▶ [PROBLEM TO WORK ON]:
Your reply should reproduce all the data below exactly while excluding the pictures.

▶ [DATA]:
========
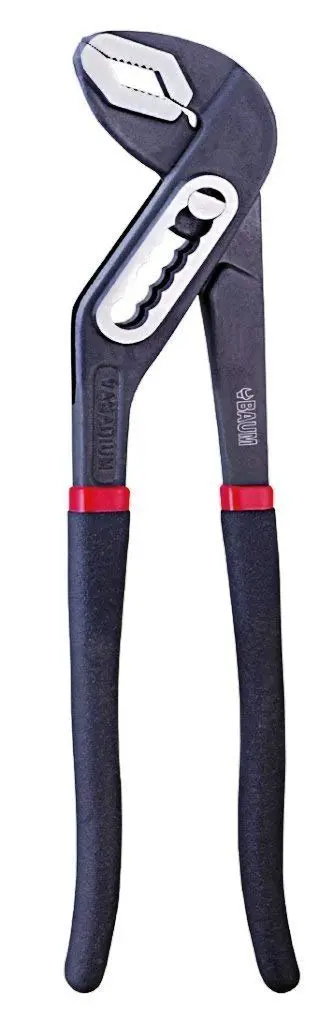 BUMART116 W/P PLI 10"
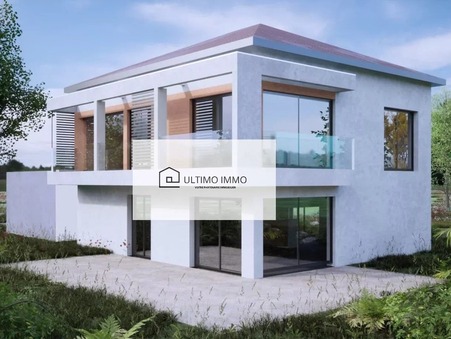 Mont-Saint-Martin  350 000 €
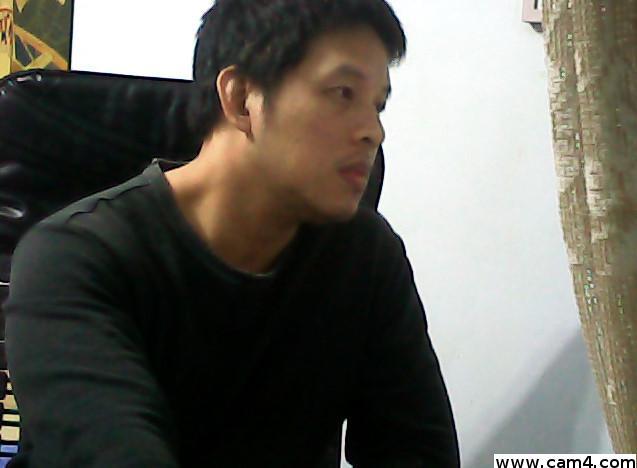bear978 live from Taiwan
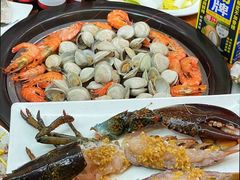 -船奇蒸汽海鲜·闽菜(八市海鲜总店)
========
▶ [RESULT]:
 BUMART116 W/P PLI 10"
 Mont-Saint-Martin  350 000 €
bear978 live from Taiwan
 -船奇蒸汽海鲜·闽菜(八市海鲜总店)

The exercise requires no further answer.